The European Central Bank avoided a legal challenge to its purchase of euro-area government debt and acceptance of Greek, Irish and Portuguese debt from banks as collateral after the bloc’s top court threw out the case.
A lower European Union court was right to reject the challenge by Stefan Staedter in Berlin as “manifestly inadmissible” because it was filed more than two months after the start of the ECB’s bond-buying program and decisions to accept collateral, the EU Court of Justice in Luxembourg said in a ruling published on its website.
Staedter, a lawyer working for German-based campaign group Europolis, had brought the case. Europolis is headed by academic Markus C. Kerber who last year asked Germany’s constitutional court to block the country’s participation in the EU bailout of Portugal.

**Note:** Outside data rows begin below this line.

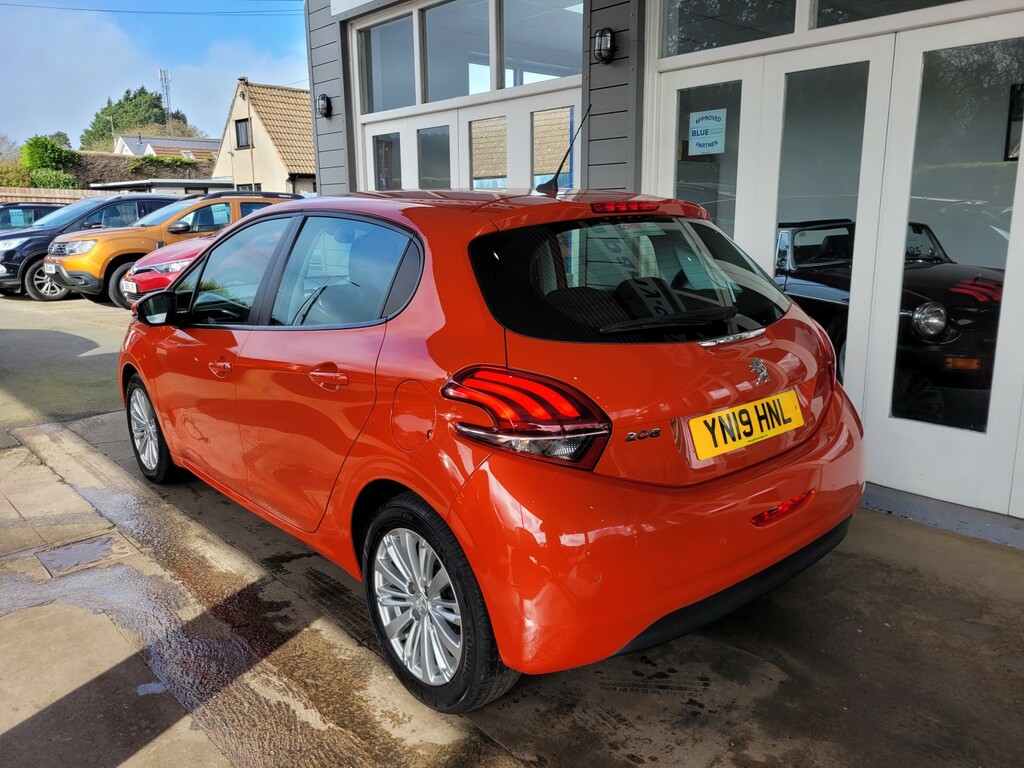 Peugeot 208 Hatchback 1.2 Puretech Signature 202019 YN19HNL Orange #2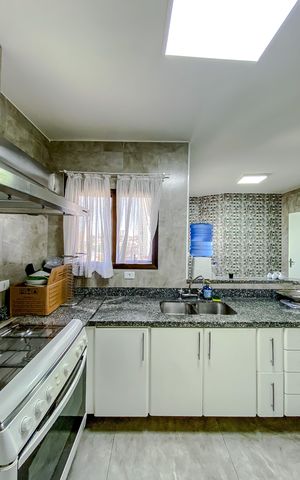 Apartamento à venda com 137m², 3 quartos e 2 vagasCozinha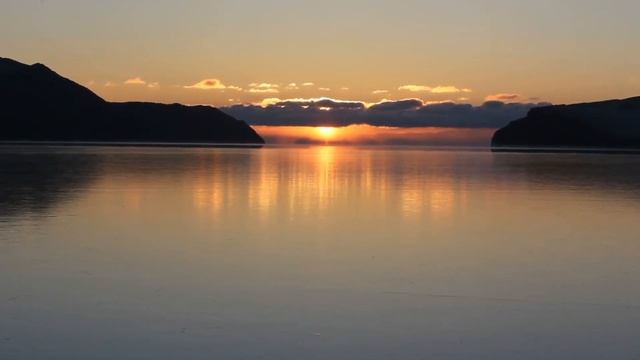 Восход солнца на Байкале.Ольхонские ворота- Sunrise Lake baikal смотреть онлайн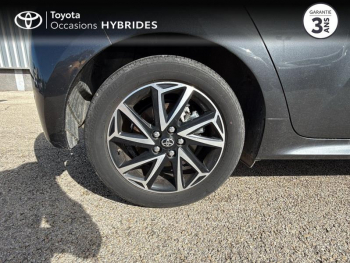Photo 16 du bon plan TOYOTA Yaris 116h Design 5p MY22 occasion à 21980 €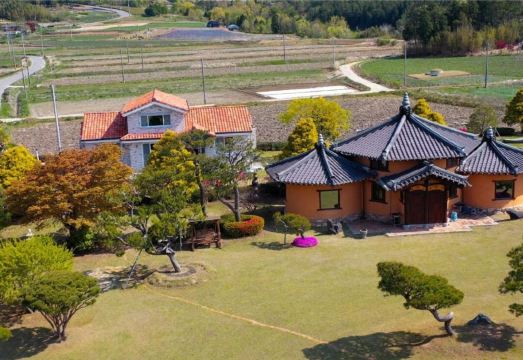 주변 산책로 전경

“It’s a poor decision,” said Kerber in a phone interview today. The decision, dated Nov. 15 “is not conclusive” and “it’s inconsistent with the criteria for admissibility,” he said. “We couldn’t know when these bond purchases were made by the ECB, because since 2010 they were made with irregular intervals.”
Kerber is involved in a pending lawsuit at the EU’s top court in which a group including more than 7,000 plaintiffs is suing the Frankfurt-based ECB over its proposal to buy unlimited bonds from debt-laden countries to regain control of interest rates in nations that make up the monetary union.
The case is: C102/12 P, Stefan Staedter v. European Central Bank.